I use Axis arrows (small diameter, hidden inserts) - have been ever since they came out. They are fantastic, never lose an insert, durable, fly good in the wind, great penetration.

The bow is a 30-40# DW, 26" DL. The Easton Axis Jr. arrows are stated for bows no more than 40#. She will start out in the low 30's so the arrows should work. Thy do not list the GPI or spine for these shafts, not sure why. But, they do not come up in the Easton arrow selector.

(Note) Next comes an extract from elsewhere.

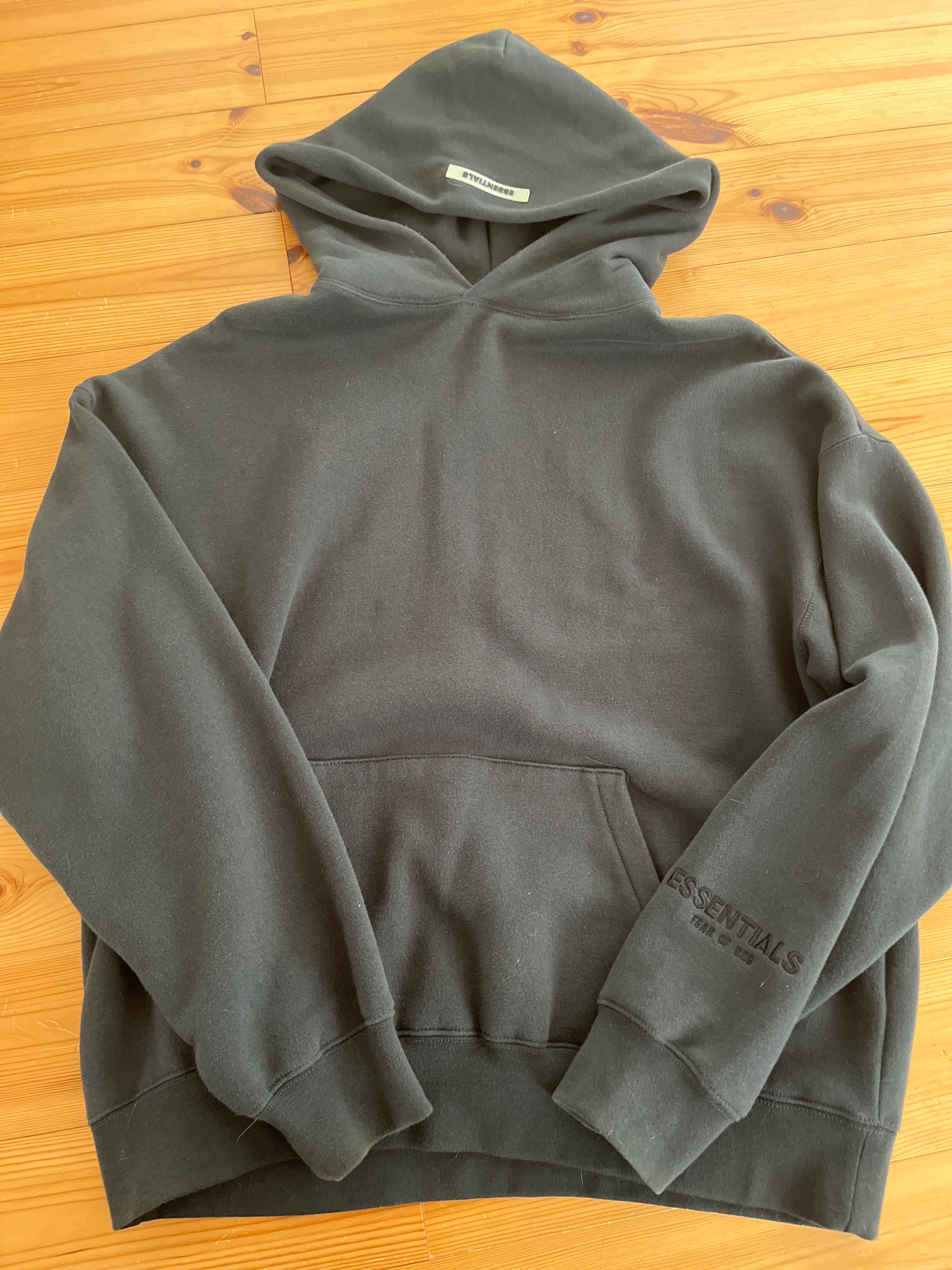 FEAR OF GOD ESSENTIALS 3M logo Pullover Hoodie "Black"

These arrows seem like a good fit. Any thoughts? Any other suggestions for a middle of the road, light weight arrow?
TIA.


----------



## ABQ_Chica (Oct 29, 2009)

elkMania said:


> Bit the bullet: Bought a Hoyt Kobalt for my wife for Valentine's Day! :archery:
> It's a surprise, which is not the best way to buy a bow. But, if she gets into it like I am she can pick out her next bow!


That's so sweet! It might be a surprise bow, but you did your research and know what she's capable of--that's a great start. And it's sweet of you to think ahead to her next bow! 
Keep us updated on how the surprise Valentines Day goes, and have her sign up here on AT, too, if she likes to be online.

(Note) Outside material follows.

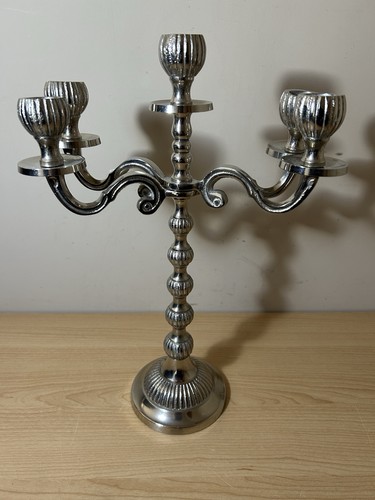 Tall arm resin candelabra - 5-arm,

As for arrows, I only have experience with Gold Tips, and used Lightnings when I first started out. They were great, but are only rated up to ~35#, so the Axis Jrs. might be better.


----------



## csvfd246 (Jan 29, 2011)

The 30-40 lbs is a great start. I broke my arm and haven't built back up the strength yet so I know what it's like to have a hard time pulling back that amount. I finally got worked up to 40 lbs but had to drop it when I has target practicing because of the repeated pull. I think her best bet is something low and then if she works up to more than 40 lbs look into a new one but I'm pretty sure the 30-40 lbs will last her a while.


----------